Is Silicon Valley no longer start-up central in the US? 5 southern cities drawing tech companies like Tesla and Apple away from California to Texas, Georgia, Arizona and Florida
Author: South China Morning Post
For tech giants as well as aspiring wannabes, California’s Silicon Valley has long been the promised land but that may now be changing with even Apple itself decentralising to other parts of the US, joining an exodus that ramped up last year to unprecedented levels.
According to research by the Hoover Institution at Stanford University, factors such as high tax rates (specifically on real estate), punitive regulations, high labour costs and declining quality of life are all contributing factors. Texas is the most popular state for relocation, already home to Oracle Corp and Hewlett Packard (HP) offices, as well as Tesla, Elon Musk’s game-changing carmaker.
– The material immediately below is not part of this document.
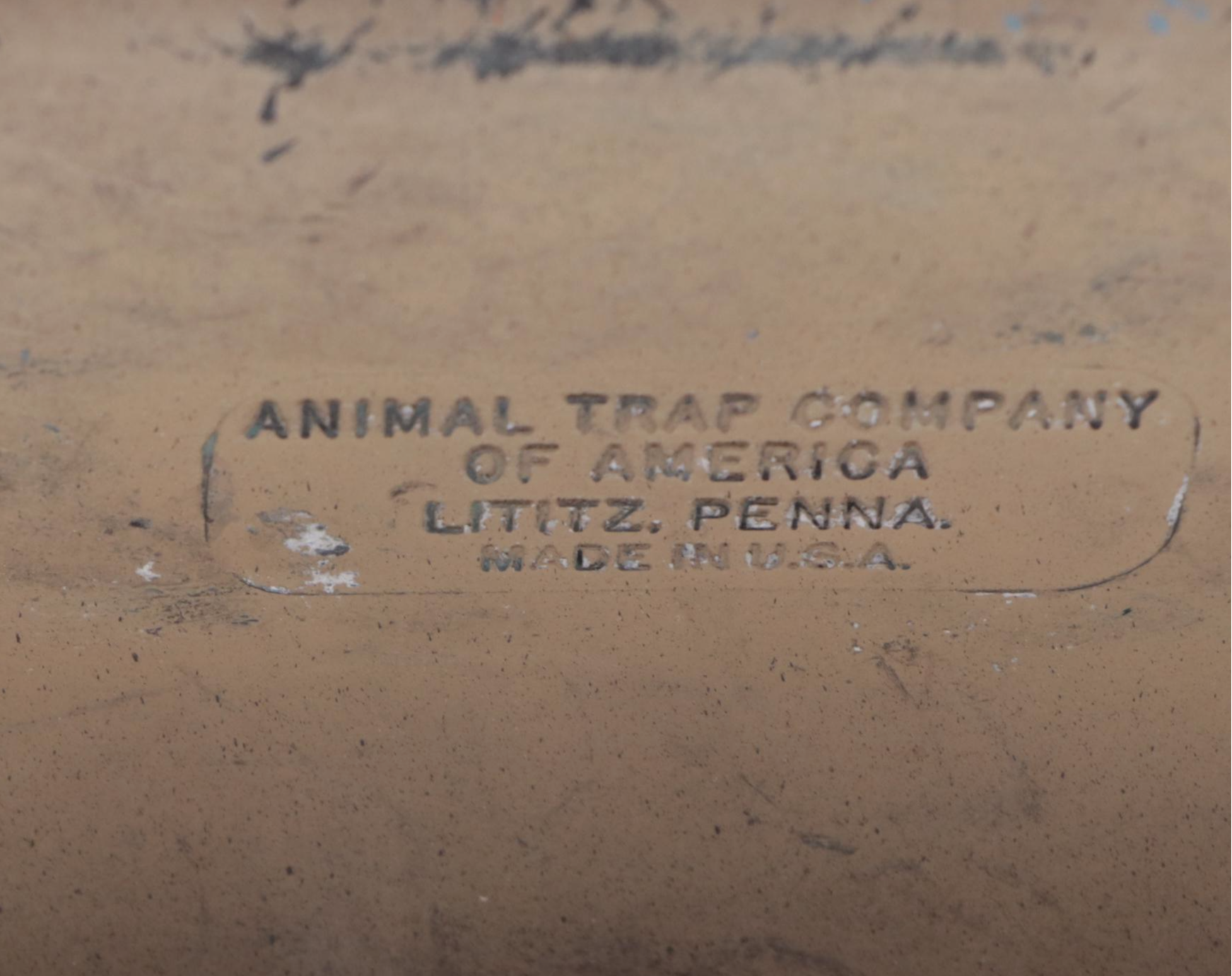 Three Duck Decoys With Mallard Drake and Hen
Arizona, newly dubbed the “Silicon Desert”, is a start-up hotbed, attracting the likes of Uber, Yelp and Shutterfly, while Atlanta, Georgia – where giants such as Apple and Microsoft have expanded in recent years – is climbing up the tech hub rankings.
And as companies relocate, developers are meeting their workforce’s accommodation needs with new luxury residential projects that provide a Silicon Valley/New York-inspired urban live-work-play lifestyle.